When scope usage is confined to a single block, the context manager is the most concise form. The scope closes automatically on exit, even if an exception is raised inside the block.

from pathlib import Path

from vcti.datascope import PathsGroup

with PathsGroup("brake-squeal", registry=registry) as scope:
    scope.add_path_source(
        name="solver_input",
        path=Path("model.inp"),
        format_id="abaqus-inp",
    )
    scope.add_path_source(
        name="solver_output",
        path=Path("sol103.h5"),
        format_id="hdf5-file",
    )
    scope.add_path_source(
        name="solver_log",
        path=Path("run.log"),
        format_id="text-log",
        required=False,
    )

    scope.load()
    assert scope.is_valid

    # Reach into per-source loaders for typed access:
    h5_loader = scope.sources["solver_output"].loader
    # ... use h5_loader's typed API ...

Usage without the context manager

When the scope's lifetime spans function boundaries — for example, a scope owned by a long-lived service, an interactive session, or a class attribute — open and close it explicitly. The contract is the same as the context-manager form; only the syntax differs.

Plain open / close

from pathlib import Path

from vcti.datascope import PathsGroup

scope = PathsGroup("brake-squeal", registry=registry)
scope.add_path_source("solver_input", Path("model.inp"), format_id="abaqus-inp")
scope.add_path_source("solver_output", Path("sol103.h5"), format_id="hdf5-file")

if not scope.is_valid:
    raise RuntimeError("scope not loadable — some required source is unavailable")
scope.load()
try:
    # ... use scope.sources["..."].loader ...
    ...
finally:
    scope.close()

scope.close() is idempotent and best-effort: it walks every source, closes the ones that are loaded, and logs (rather than raises) on per-source close failures. It is always safe to call — including before load() and after a failed load().

As an attribute of a long-lived object

class AnalysisSession:
    def __init__(self, registry):
        self._scope = PathsGroup("session", registry=registry)

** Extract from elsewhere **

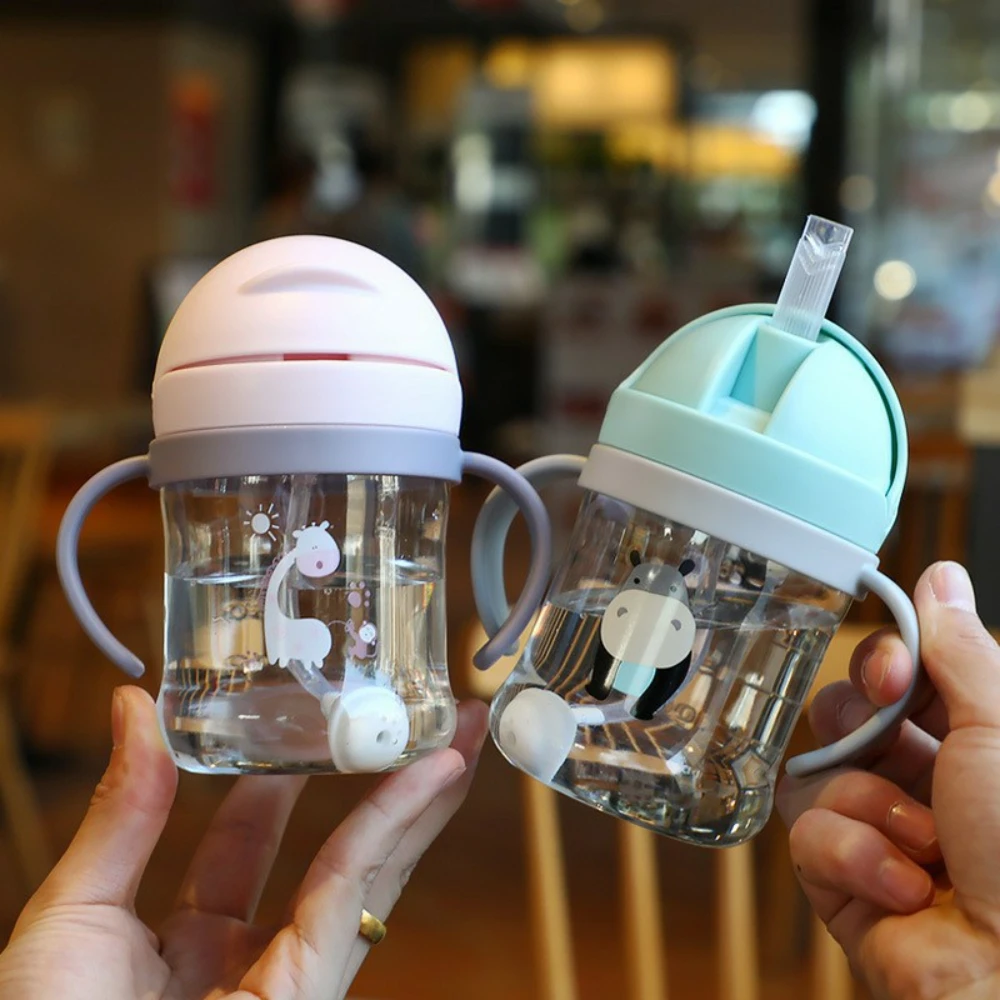 1pc Children's Cup, Cute Design Straw Cup With Scale, Kindergarten With Suction Ball, 250ml Capacity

    def open(self, model_path, output_path):
        self._scope.add_path_source("input",  model_path, format_id="abaqus-inp")
        self._scope.add_path_source("output", output_path, format_id="hdf5-file")
        self._scope.load()

    def close(self):
        self._scope.close()

    @property
    def output_loader(self):
        return self._scope.sources["output"].loader

Reopening after close

After close(), the scope may be reopened. Optional sources that failed previously have their last_error cleared and are retried on the next load(). Sources cannot be added or removed while the scope is open (DataScopeStateError); add or remove before calling load() again.

scope.load()
# ... use ...
scope.close()

# ... later ...
scope.load()   # re-opens; failed optionals get another chance

Working with optional sources

Sources added with required=False do not abort load() on failure; their failure is recorded and the scope continues:

scope.load()

if not scope.is_valid:
    raise RuntimeError("scope is not in a usable state")

for src in scope.failed_optional_sources.values():
    log.warning("optional source %r unavailable: %s", src.name, src.last_error)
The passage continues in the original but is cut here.